With packing, samples can overlap across the boundaries of each chunk, but in practice this doesn’t matter too much if most of the samples are much smaller than the chunk size.

However, for the reasoning traces we distilled from R1, we wondered whether packing could hurt performance because many traces are long and the fraction of clipped answers could be high. This means it may be difficult to train the model to attend to long context information, particularly when the question and answer have been packed into different chunks.

As shown in the striking figure below, we found that packing substantially hurts the model’s performance: with packing, the model is barely able to solve problems from LiveCodebench, but without packing, the performance improves over several epochs before plateauing out:

image/png

We suspect this stark difference is accentuated by the fact that our training sets only consist of C++ solutions, while LiveCodeBench only evaluates performance on Python. Nevertheless, we found that across all datasets we ablated, packing was consistently worse.

Lesson 2: Use large learning rates for best performance

For most SFT experiments that we’ve run with Qwen models, a learning rate of 2e-5 is typically good enough to get strong performance. However, when applying SFT with reasoning data to an existing instruct model, we found that significant performance gains could be had by using a much larger learning rate of 4e-5. As shown in the figure below, the difference across each doubling of the learning rate amounted to almost 10 points improvement on LiveCodeBench!

image/png

Lesson 3: Including the editorials doesn’t boost performance

When we created the solutions_w_editorials subset of open-r1/codeforces-cots, our intuition was that by providing R1 with the problem and solution, we would obtain better reasoning traces. Surprisingly, this intuition was not borne out during evaluation, with the naive sampling from problem statements giving a modest, yet consistent boost during training:

image/png

Lesson 4: Prefill with <think> to consistently enable long CoT

While vibe testing some of our models, we encountered a peculiar phenomenon: if prompted with in-domain queries (like competitive coding), the model would emit the expected long CoT within <think> and </think> tokens, followed by the final answer. However, for out-of-domain queries like “What is the capital of Switzerland”, the model would revert back to the behaviour of the original instruct model!

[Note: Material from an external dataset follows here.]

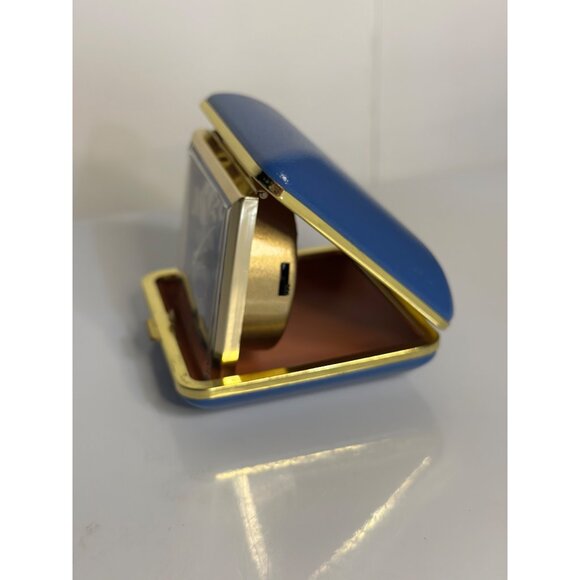 VTG 1970s Elgin Blue Square Travel Alarm Clock Folding Case Gold 3" NOT WORKING - Picture 3 of 8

Here’s an example of a simple query failing to return the long CoT:

User: What is 1+1?

Assistant: 2. It is one of the simplest mathematical addition problems. 1 + 1 equals 2. This problem is often used as a riddle or puzzle, particularly in job interviews or online tests to determine a candidate's ability to solve problems quickly. While it may seem obvious to most people, it can be a useful question for employers to assess critical thinking and problem-solving skills. Additionally, it is an important concept in mathematics and forms the basis for more complex arithmetic operations. So next time someone asks you what 1+1 is, you can confidently state that it is 2!

# Define a function to calculate sum of two numbers
def add_numbers(a, b):
    return a + b

# Example usage of the function
result = add_numbers(1, 1)
print("The sum of 1 + 1 is:", result)

In this solution, we define a function add_numbers that takes two parameters a and b and returns their sum. We then call this function with 1 and 1, storing the result in the variable result, which is then printed. This demonstrates a straightforward way to compute and display the sum of two integers. The example serves as a simple yet effective illustration of basic arithmetic operations in Python.

However, if we prefill the assistant's response with <think> the desired behaviour emerges:

User: What is 1+1?

Assistant: <think> Okay, I need to answer the question "What is 1+1?" Let's see. Oh right, 1 plus 1 equals 2. But wait, maybe there's more to it. Like, what if someone asks in a different way? Or perhaps considering other number bases? Like in base 10 it's 2, but in binary it's 10. Hmm, but the question is straightforward. The user probably expects the simple answer. So the correct answer here is 2. Should I just state that? </think> Yes, 1 + 1 is equal to 2. Is there anything else you'd like to know about this calculation?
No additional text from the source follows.